→ **Short text fragments from websites**
%%

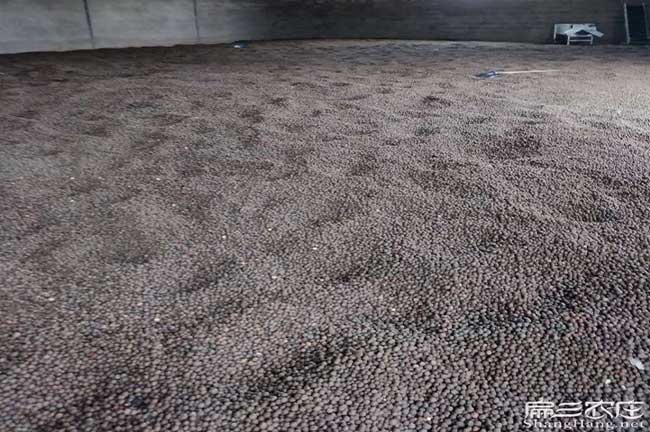 功橋油茶的生物學(xué)特性 功橋油茶的生物學(xué)特性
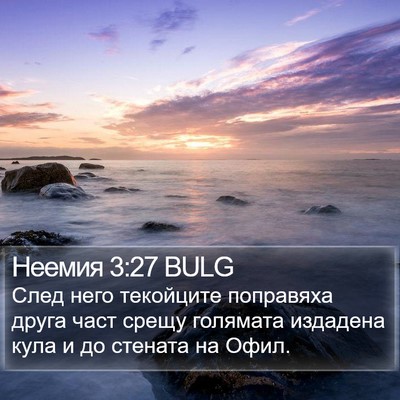 Неемия 3:27 BULG Bible Verse Image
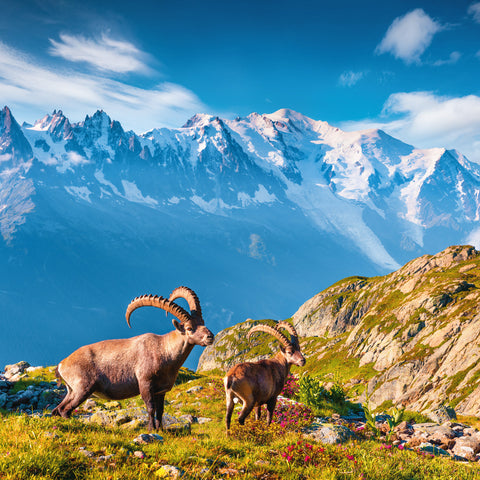 Grid calendar Alps 2026, 30 x 30 cm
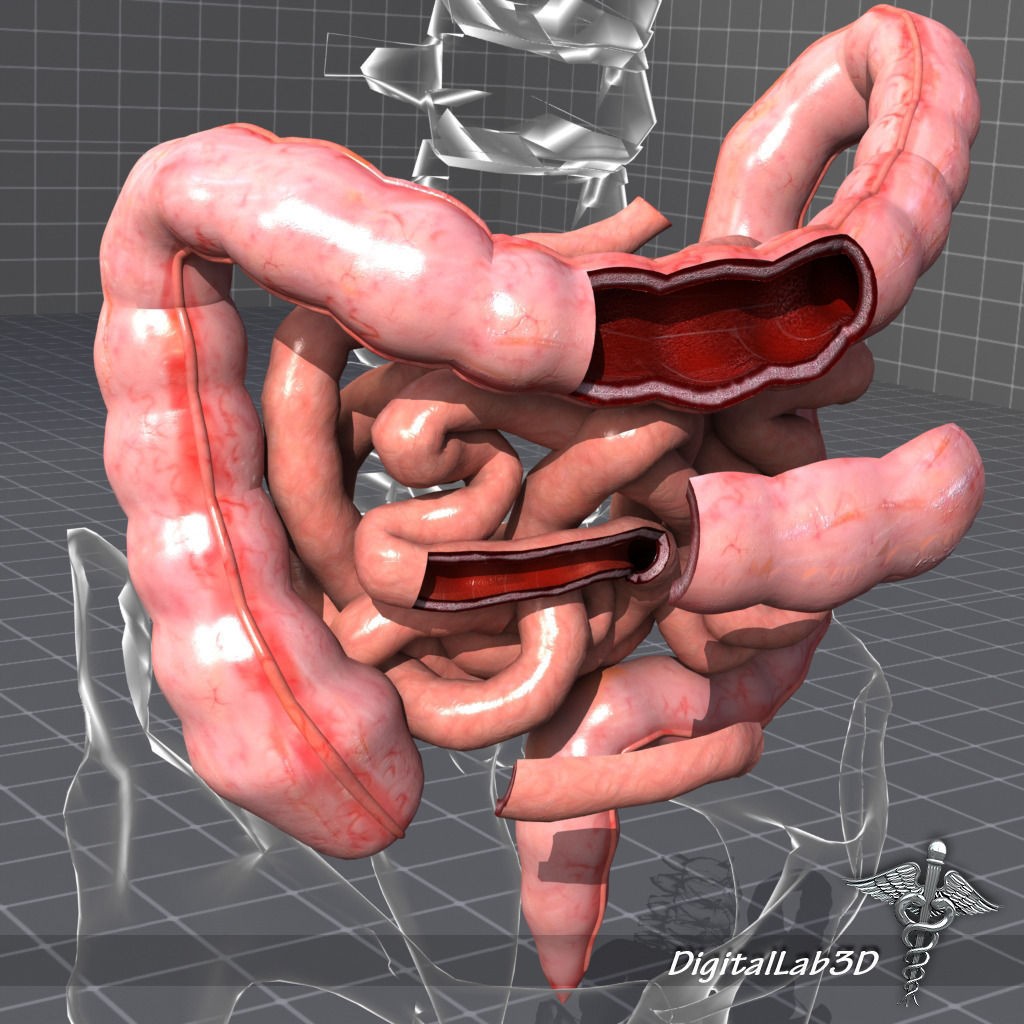 Human Intestines Anatomy 3D Model – Detailed Medical Visualization, FBX - View 4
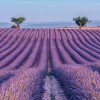 Falinaptár képes lemeznaptár 300x300mm, Provence Realsystem 2027.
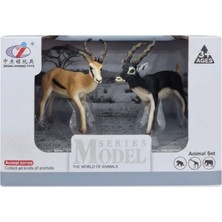 Tufy Toys Antilop Figür Seti-Doğa Temalı Model Hayvan Oyuncak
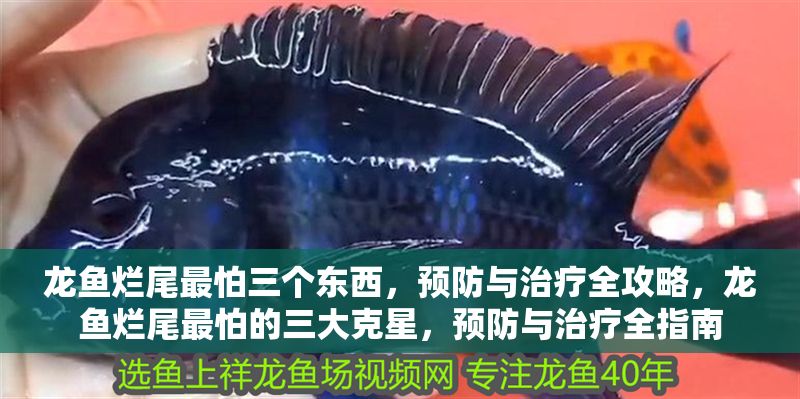 龍魚爛尾最怕三個東西，預防與治療全攻略，龍魚爛尾最怕的三大克星，預防與治療全指南 龍魚爛尾最怕三個東西，預防與治療全攻略，龍魚爛尾最怕的三大克星，預防與治療全指南 龍魚常見疾病 第1張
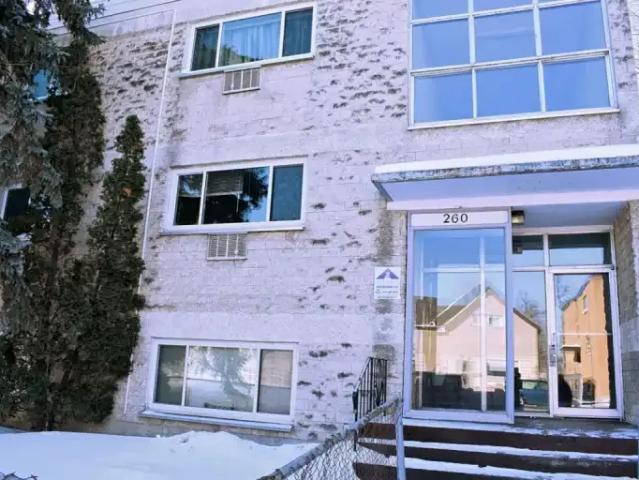 1 Bedroom Apartment Winnipeg MB 104875341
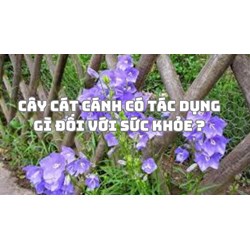 Cây cát cánh có tác dụng gì đối với sức khỏe ?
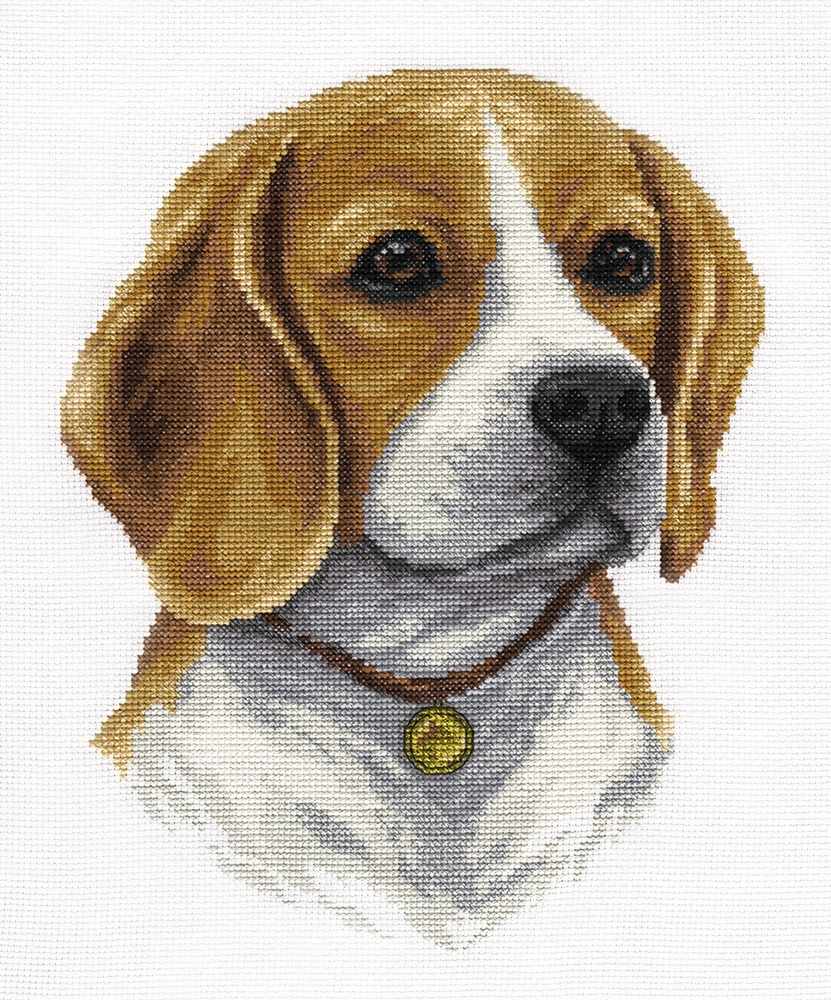Beagle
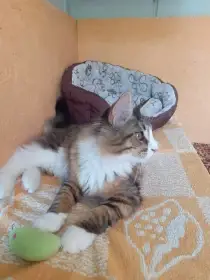 Koťátka v typu mainská mývalí
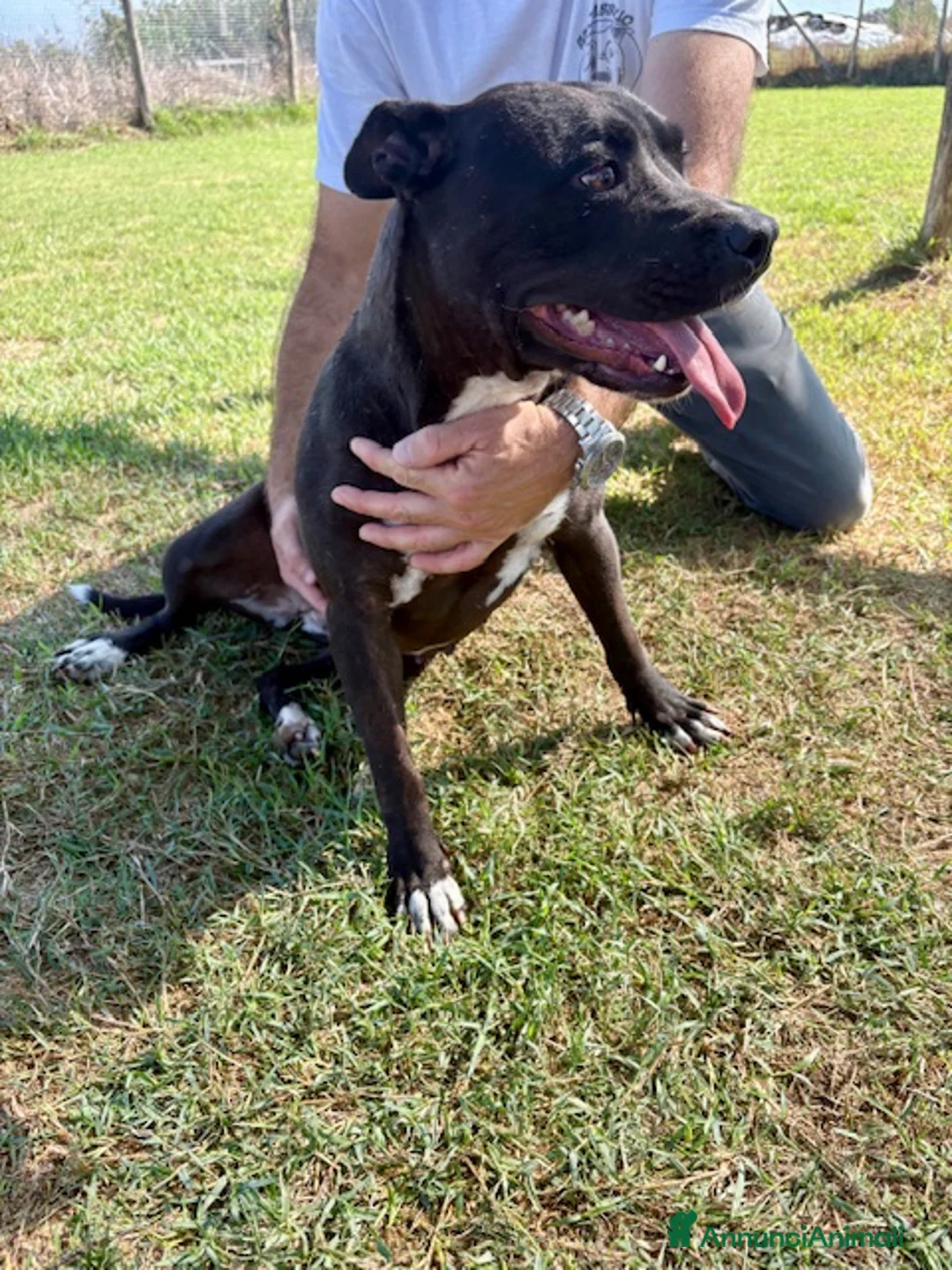 Pitbull cani in regalo: Jessy, cuore di pit❣️ - Annuncio 5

%%

Write out, exactly as they stand, the line with "1 Bedroom Apartment Winnipeg MB 104875341" and every line after it through the end of the entries above; omit the pictures.

→ **Solution below**
 1 Bedroom Apartment Winnipeg MB 104875341
 Cây cát cánh có tác dụng gì đối với sức khỏe ?
Beagle
 Koťátka v typu mainská mývalí
 Pitbull cani in regalo: Jessy, cuore di pit❣️ - Annuncio 5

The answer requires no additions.